Slovénie effacés Slovénie effacés
Né au Monténégro, Budimir Vukovic, qui vit en Slovénie depuis les années 70, est toujours en attente d'un permis de résidence permanent.© Pierre-Anthony Canovas

La longue quête de justice des «effacés»

Un jour de février 1992, la Slovénie a supprimé du registre de ses résidents permanents près de 25'000 personnes. La raison: l’expiration du délai fixé pour demander la citoyenneté du pays fraîchement indépendant. Plus d’un quart de siècle après les faits, les cicatrices ne sont pas totalement refermées pour ces «effacés».

Assise au bar du musée d’art moderne de Ljubljana, Aleksandra Todorovic Novak a la mine grave: «L’histoire ne peut pas s’arrêter là, ce n’est pas possible. Pire, les plus jeunes d’entre nous ne la connaissent même pas.» L'étudiante en zoologie aux longs cheveux bruns épais et piercing à la lèvre inférieure qui dénonce l'injustice, les jugements erronés et demande réparation pour son père a pourtant à peine plus de 25 ans. Sauf qu'elle est la fille de l'une des figures de proue des mouvements en faveur de la réhabilitation des «effacés» de Slovénie et qu’elle est impliquée, malgré elle, dans ce combat depuis sa naissance en 1993. Ce jour-là, son père Aleksander Todorovic se voit signifier une fin de non-recevoir de l’administration locale au moment de déclarer son bébé dans la petite ville de Ptuj, au nord-est du pays. L’entrepreneur de 37 ans apprend alors qu’il n'existe pas administrativement, qu’il est de facto un citoyen illégal. L’officier d’Etat civil inscrit donc la mention «de père inconnu» dans le registre. Un choc terrible pour cet homme qui a perdu d'un seul coup son identité et la légitimité de sa paternité. Cette situation inique et particulièrement dramatique, des milliers d’hommes et de femmes à travers la Slovénie l’ont également vécue après la chute de l'URSS et l'éclatement de la Yougoslavie.
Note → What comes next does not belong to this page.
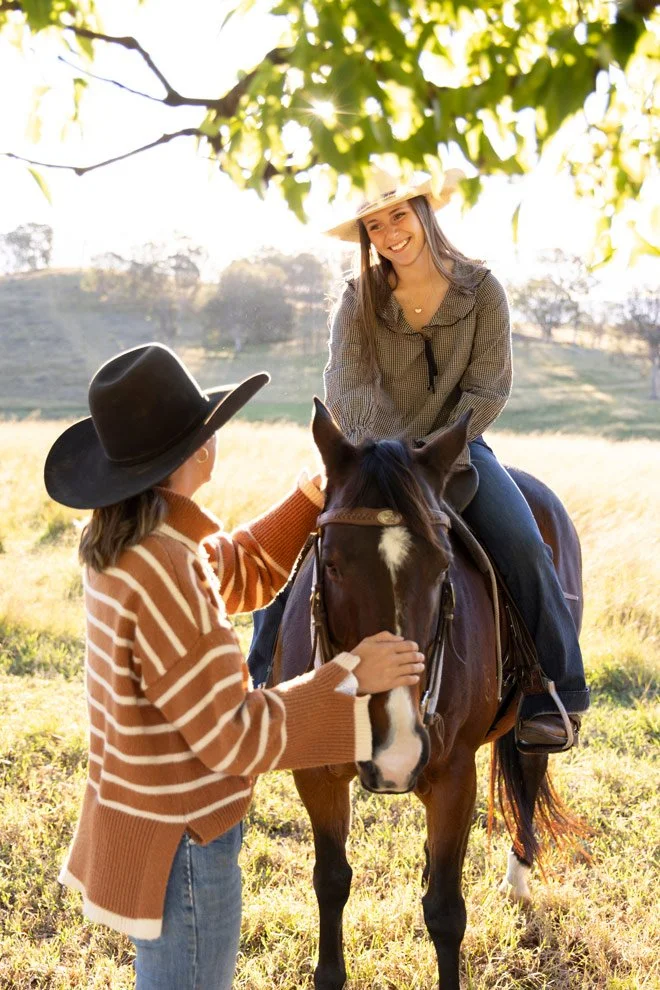 Brand photography Bega Valley, Sophie of Reins to Resilience supporting teenage participant on horseback in golden afternoon light, Candelo NSW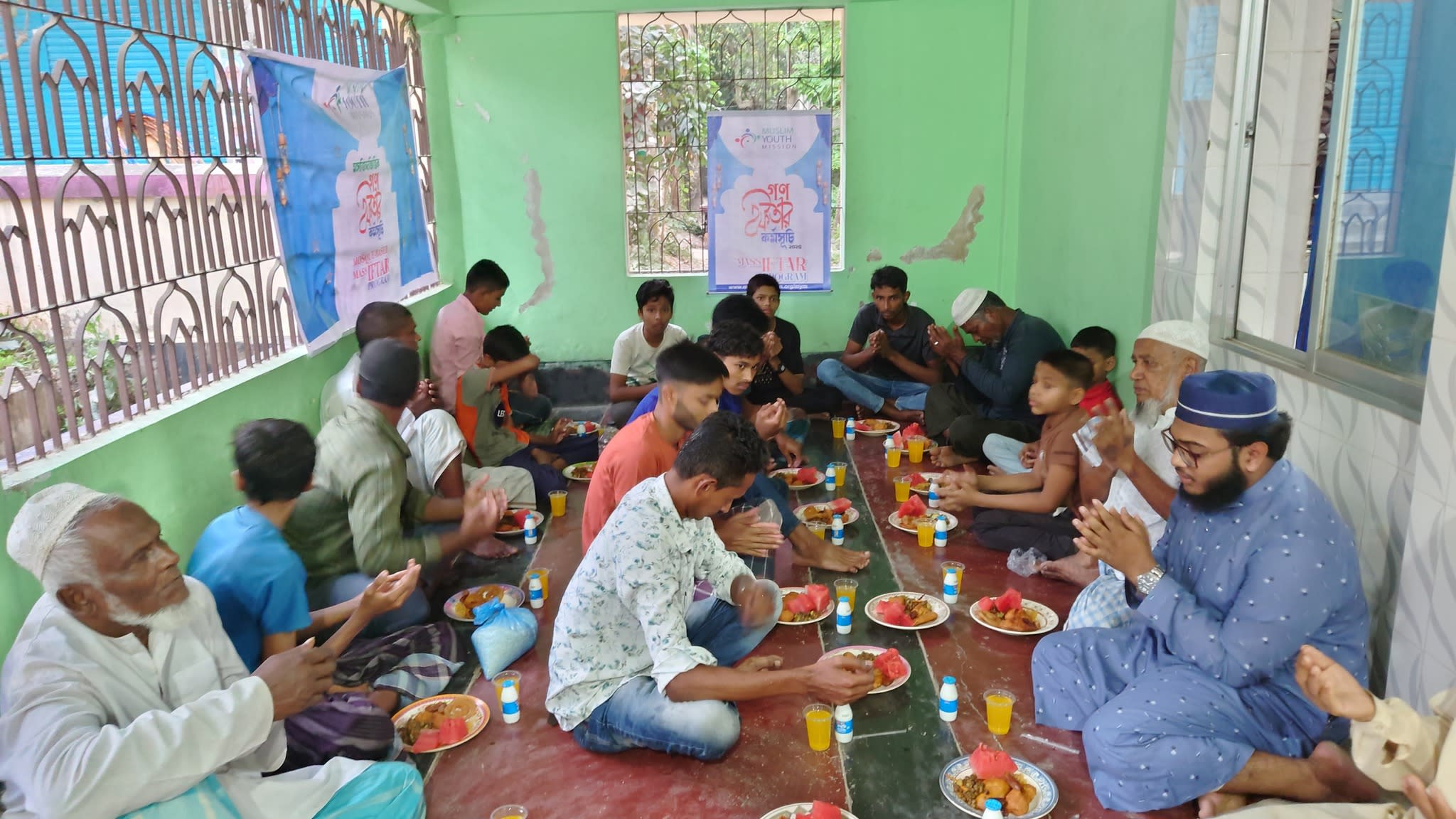 A group of people, mostly men, are gathered together in a colorful, open-air setting, sharing a meal and engaging in conversation.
Comme Budimir Vukovic. En ce printemps 1993, la charmante capitale slovène où ce grand Serbe barbu, né au Monténégro, réside et travaille en tant que chauffeur de taxi commence à s'animer. Lors d'un banal contrôle de routine, Budimir, qui vit en Slovénie depuis les années 70, se fait arrêter par la police qui lui passe les menottes, détruit ses papiers et le déferre devant un juge. Menacé d'expulsion - une sanction qui ne sera jamais appliquée -, il restera de longs mois dans un centre pour étrangers et ne se remettra jamais vraiment de cet épisode qui le marginalisera et le mettra au ban de la société. Stanisa Milenovic, lui, n’a pas eu la même «chance». Résident depuis 1964 à Brezice, une petite ville de l’est de la Slovénie proche de la Croatie voisine, ce mécanicien de l’armée a été expulsé en l’espace de 24 heures vers la Serbie où il est né en 1946, laissant derrière lui femme et enfants. Grâce à l’acharnement de son épouse, d’un médiateur et d’Amnesty International, Stanisa retrouvera les siens en 1999. «Cela a duré six ans quatre mois et quatre jours, ressasse-t-il avec tristesse, assis dans une taverne près du parc Tivoli à Ljubljana où je le rencontre. Quand j’arrivais à voir ma famille, c’était bref et parfois seulement depuis l’autre côté de la frontière d’un pays voisin. Mes enfants me suppliaient de rentrer avec eux; ils me disaient qu’ils allaient me cacher et me protéger, mais ce n’était pas possible.» Et d’ajouter, désabusé: «Aujourd’hui, je veux juste qu’on me laisse vivre en paix avec les miens.»